_ACTION ITEM:_ Make an exact transcript of the lines in the data below, starting with the one containing "TocTen Bath Towel" and going on through the one containing "Colección de siluetas", with both included and the pictures left out.

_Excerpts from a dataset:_
=== Begin Enclosure ===

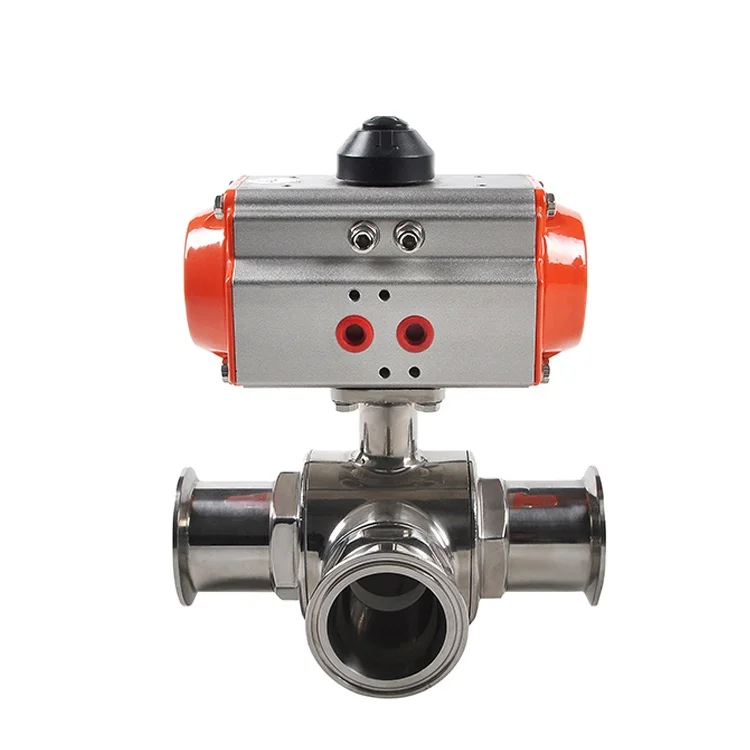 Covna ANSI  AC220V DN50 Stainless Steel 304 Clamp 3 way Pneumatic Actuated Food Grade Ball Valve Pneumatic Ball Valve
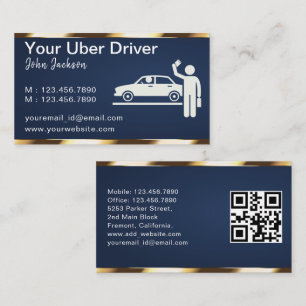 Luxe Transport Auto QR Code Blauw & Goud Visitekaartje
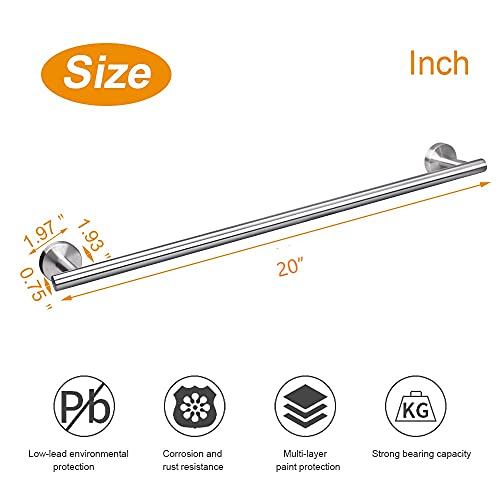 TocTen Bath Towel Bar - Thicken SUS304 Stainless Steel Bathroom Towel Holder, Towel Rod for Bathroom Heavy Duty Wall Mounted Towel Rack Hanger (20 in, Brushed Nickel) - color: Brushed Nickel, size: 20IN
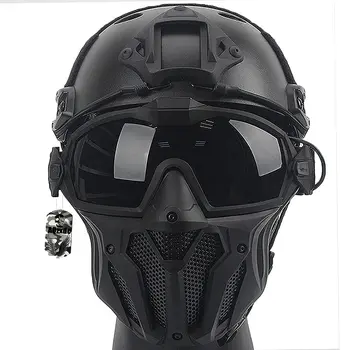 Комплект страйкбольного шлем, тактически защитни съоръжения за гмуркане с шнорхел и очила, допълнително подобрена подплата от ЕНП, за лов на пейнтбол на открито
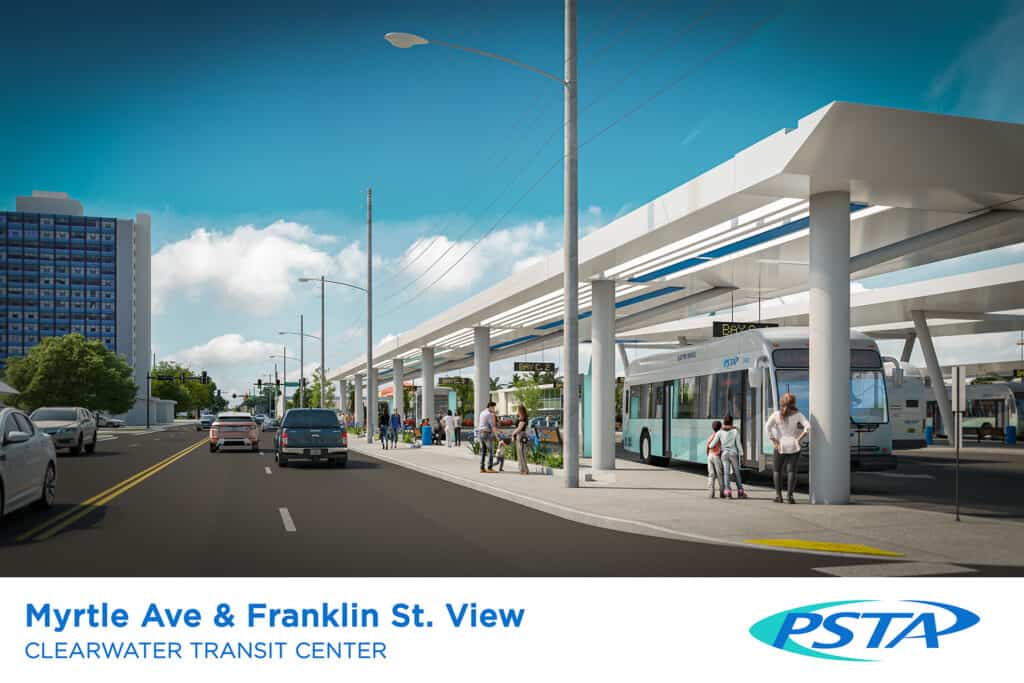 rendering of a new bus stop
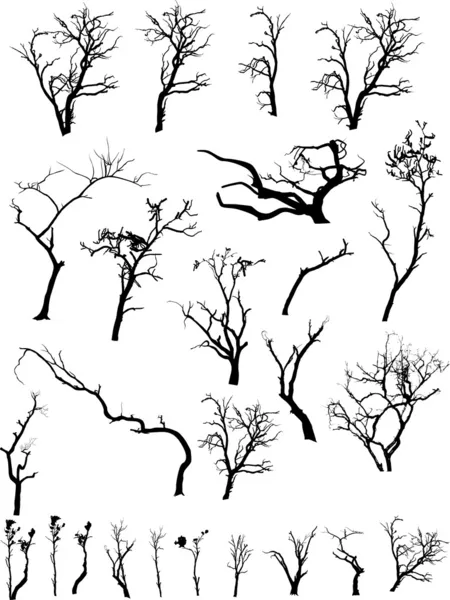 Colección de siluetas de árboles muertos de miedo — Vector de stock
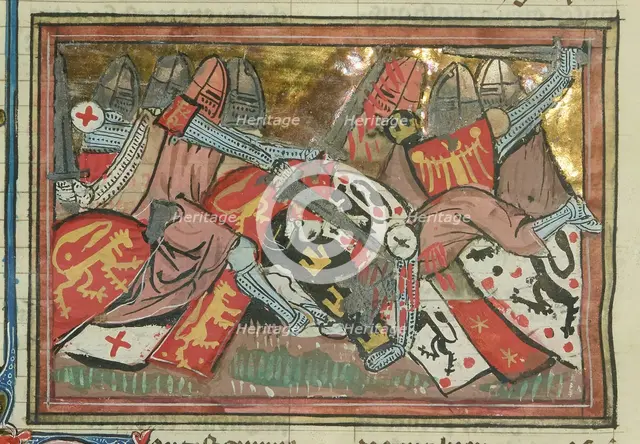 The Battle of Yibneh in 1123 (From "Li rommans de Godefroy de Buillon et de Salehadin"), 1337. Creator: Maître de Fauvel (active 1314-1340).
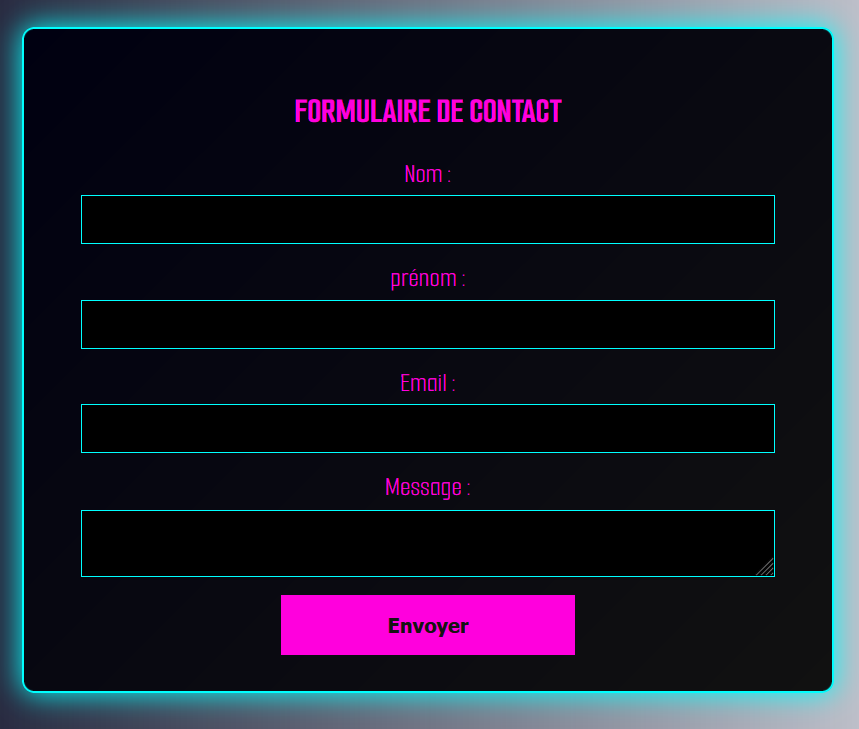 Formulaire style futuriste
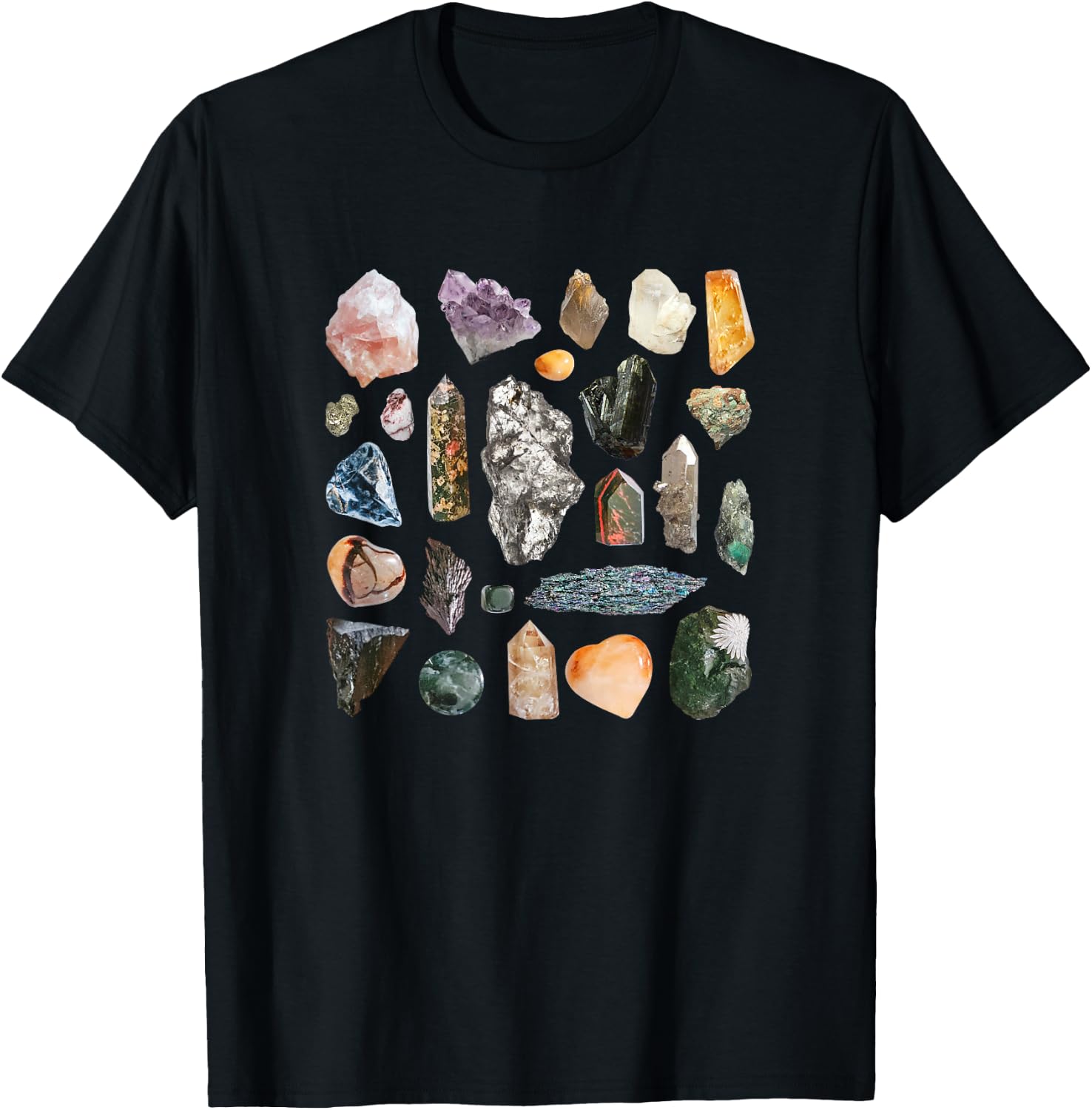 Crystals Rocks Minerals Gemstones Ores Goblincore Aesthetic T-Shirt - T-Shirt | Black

=== End Enclosure ===

_EXERCISE ANSWER:_
 TocTen Bath Towel Bar - Thicken SUS304 Stainless Steel Bathroom Towel Holder, Towel Rod for Bathroom Heavy Duty Wall Mounted Towel Rack Hanger (20 in, Brushed Nickel) - color: Brushed Nickel, size: 20IN
 Комплект страйкбольного шлем, тактически защитни съоръжения за гмуркане с шнорхел и очила, допълнително подобрена подплата от ЕНП, за лов на пейнтбол на открито
 rendering of a new bus stop
 Colección de siluetas de árboles muertos de miedo — Vector de stock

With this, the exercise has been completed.